I've been working on this for a while...

About 5 years ago, I started prototyping something. I started with an OEM AT mega board and a prototype board. I had connectors for thermocouples, for CHT and EGT probes, and some other A/D converter connections for the oil pressure and temperature. I had a serial output, that I could connect to a laptop, or a Zaurus mobile internet device, and a GPS board that I started playing with. I got distracted with the GPS board, and never quite started messing more with the engine monitor.

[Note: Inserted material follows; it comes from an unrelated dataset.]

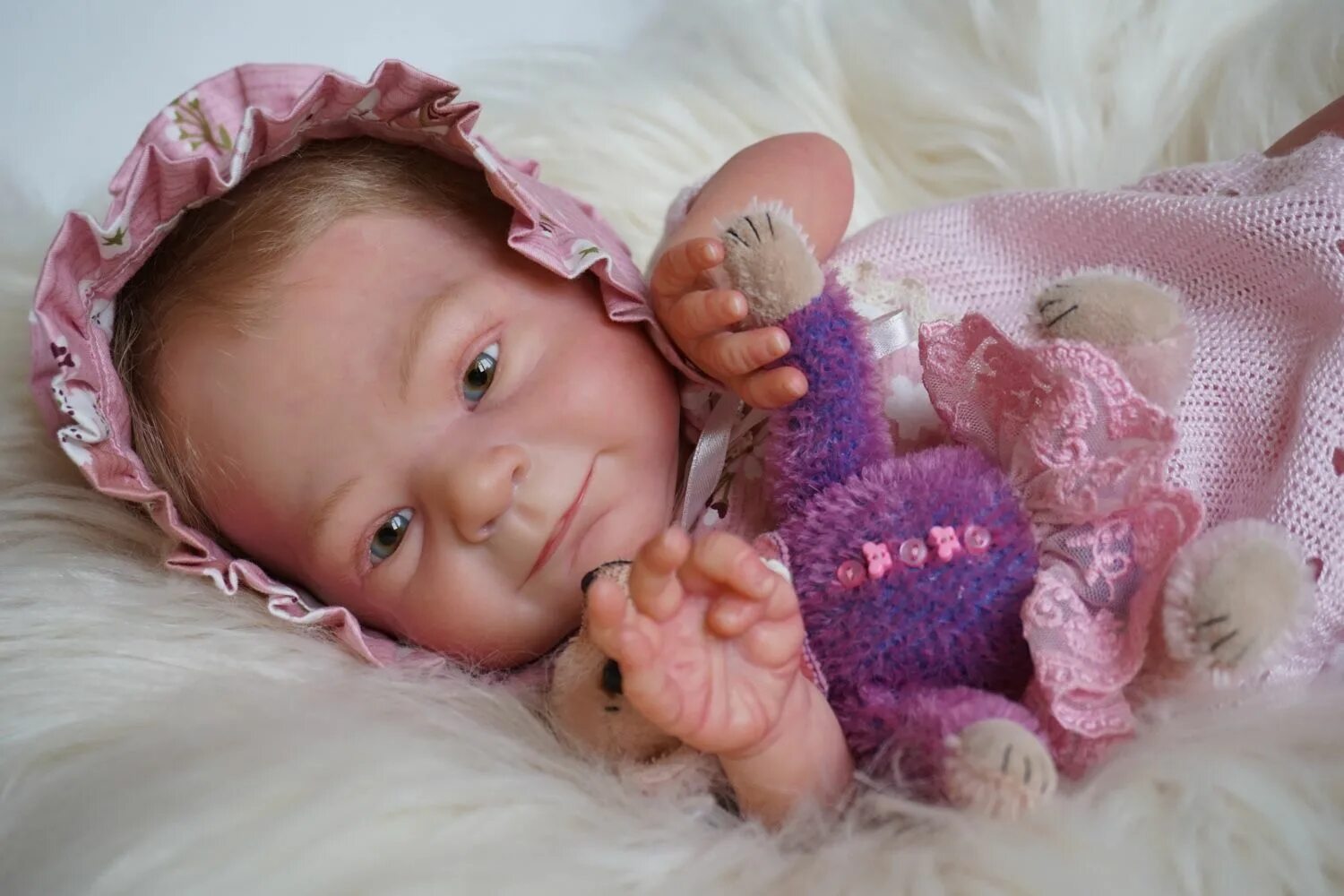 Вязаные чепчики для новорожденных. Bebe realista реборн. Вязаные костюмы для новорожденных. Новорожденные ручной работы. Вязаная одежда для младенцев.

During the last couple years, I knew enough about GPS by now to get a job working on RNP satellite monitoring. That was a good benefit, but now I want to go further and do real live avionics type work.

My idea...

The idea is to stick with the AT mega, but use a COTs board, an Arduino board. An Arduino Mega board has 16 A/D converters, and many digital IO pins. The analog inputs will be:
  1. 4 CHT probes
  2. 4 EGT probes
  3. Oil Temp
  4. Oil Pressure
  5. Fuel Pressure
  6. Fuel Level
  7. OAT
  8. Manifold Pressure
Digital inputs may include fuel flow, engine RPM, and various status switches (trip start, etc).

For a display, I was thinking of using one of my phones or mobile internet devices. They are inexpensive (I've already paid for 'em). They have touch screens, and pretty good graphics. If this whole thing works, I would like to get a tablet computer for this.

For communications from the Arduino to the display, I had considered using USB, since almost everything uses that, but then I found a project that allows the Arduino to talk bluetooth to an Android phone. The perfect place to start.

Where am I today???

I've ordered the Arduino Mega board, I've gone through my old notes about my project, and I've downloaded the Arduino software. I've read the hello world example (blinky), and tutorials 1-85 or so (not really, maybe 1-8). We will just have to see where things go, and how far I get.

How is all this going to work?

I am not really sure. I've never blogged before. I thought it a good way to get my thoughts out there, and allow someone to repeat my work, if it is mildly successful. If it a wretched failure, well, there may still be stuff to learn.

I have lots to do in my real life, this will only be a hobby. If I don't write anything for weeks, give me a nudge, I might be doing something useful, and unable to write. If I don't write for months, maybe the project will be dead.